Removal and recovery of selenium species from wastewater: Adsorption kinetics and co-precipitation mechanisms

Abstract

This study investigates the effectiveness of four adsorbent candidates, including nano-zerovalent iron (nZVI), magnetite (Fe3O4), ferric chloride (FeCl3) and granular activated carbon (GAC) to remove inorganic and organic selenium species from contaminated water. The efficacy of the modified co-precipitation method using a combination of ferrous and ferric chloride was also investigated. Among the adsorbents tested, ferric oxyhydroxide flocs formed by the precipitation of ferric chloride was found to be most efficient as more than 95 % of Se (VI) was removed using ferric chloride dose of 1 g/L. The optimum pH for removal of Se (VI) irrespective of the adsorbent was found to be in the range of 4.0–5.5. Comparatively, Se (IV) was removed faster and required lesser adsorbent doses for all adsorbents tested.
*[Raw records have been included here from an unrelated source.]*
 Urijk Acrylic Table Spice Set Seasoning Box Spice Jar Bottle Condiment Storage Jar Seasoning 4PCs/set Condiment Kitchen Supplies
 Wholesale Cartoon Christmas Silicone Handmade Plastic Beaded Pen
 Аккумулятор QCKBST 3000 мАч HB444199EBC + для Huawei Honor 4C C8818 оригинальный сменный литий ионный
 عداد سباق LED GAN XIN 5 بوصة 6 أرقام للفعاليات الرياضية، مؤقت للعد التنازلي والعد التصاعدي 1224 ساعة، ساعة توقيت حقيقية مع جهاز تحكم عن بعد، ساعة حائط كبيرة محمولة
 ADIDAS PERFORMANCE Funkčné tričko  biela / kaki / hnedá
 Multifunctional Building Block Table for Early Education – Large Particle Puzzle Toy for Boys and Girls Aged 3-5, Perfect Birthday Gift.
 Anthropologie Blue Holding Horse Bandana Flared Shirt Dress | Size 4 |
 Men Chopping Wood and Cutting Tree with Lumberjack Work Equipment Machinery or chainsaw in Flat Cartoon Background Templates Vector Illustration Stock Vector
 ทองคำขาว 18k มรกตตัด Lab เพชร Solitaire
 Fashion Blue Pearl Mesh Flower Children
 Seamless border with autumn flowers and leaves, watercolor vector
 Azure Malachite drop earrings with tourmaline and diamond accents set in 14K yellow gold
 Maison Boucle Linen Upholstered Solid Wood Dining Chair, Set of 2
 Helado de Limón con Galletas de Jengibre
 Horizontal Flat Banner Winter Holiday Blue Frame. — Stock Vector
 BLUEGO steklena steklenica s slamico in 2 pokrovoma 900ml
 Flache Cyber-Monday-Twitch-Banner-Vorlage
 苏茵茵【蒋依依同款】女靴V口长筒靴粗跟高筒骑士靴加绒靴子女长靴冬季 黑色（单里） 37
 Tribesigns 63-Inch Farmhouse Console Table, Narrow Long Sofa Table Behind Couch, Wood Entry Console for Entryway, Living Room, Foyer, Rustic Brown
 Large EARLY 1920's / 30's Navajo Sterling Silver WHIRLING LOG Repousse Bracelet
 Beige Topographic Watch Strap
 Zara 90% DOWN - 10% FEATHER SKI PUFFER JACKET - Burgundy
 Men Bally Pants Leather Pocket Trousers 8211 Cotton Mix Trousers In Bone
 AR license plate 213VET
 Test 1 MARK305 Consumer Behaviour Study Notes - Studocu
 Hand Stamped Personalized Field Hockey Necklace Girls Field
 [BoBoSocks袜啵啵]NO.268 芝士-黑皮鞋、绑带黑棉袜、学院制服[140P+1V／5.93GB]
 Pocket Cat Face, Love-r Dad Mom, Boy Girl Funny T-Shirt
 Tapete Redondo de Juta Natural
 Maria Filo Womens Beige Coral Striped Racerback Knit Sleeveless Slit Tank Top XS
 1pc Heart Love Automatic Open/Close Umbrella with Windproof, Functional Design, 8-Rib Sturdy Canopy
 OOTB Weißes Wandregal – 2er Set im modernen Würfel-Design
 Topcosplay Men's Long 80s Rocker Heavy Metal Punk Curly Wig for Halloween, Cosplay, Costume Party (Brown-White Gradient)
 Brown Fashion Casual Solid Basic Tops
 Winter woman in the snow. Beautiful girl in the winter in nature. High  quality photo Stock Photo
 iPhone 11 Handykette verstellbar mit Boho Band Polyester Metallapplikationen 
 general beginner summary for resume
The experimental data fitted well with Langmuir model compared to Freundlich model indicating the monolayer adsorption. While metallic adsorbents were found to show better performance for removal of inorganic selenium species, GAC showed a higher affinity towards the removal of selenomethionine, an organo-selenium compound. About 50 % of selenomethionine was removed within a contact time of one hour for GAC dose of 0.5 g/L, while about 9% and 7% removal was observed for the same doses of Fe3O4 and nZVI powders respectively. In contrast to electrostatic attraction, which is considered to be the main drive for adsorption of inorganic selenium, van der Waals attraction is supposed to drive adsorption of selenomethionine.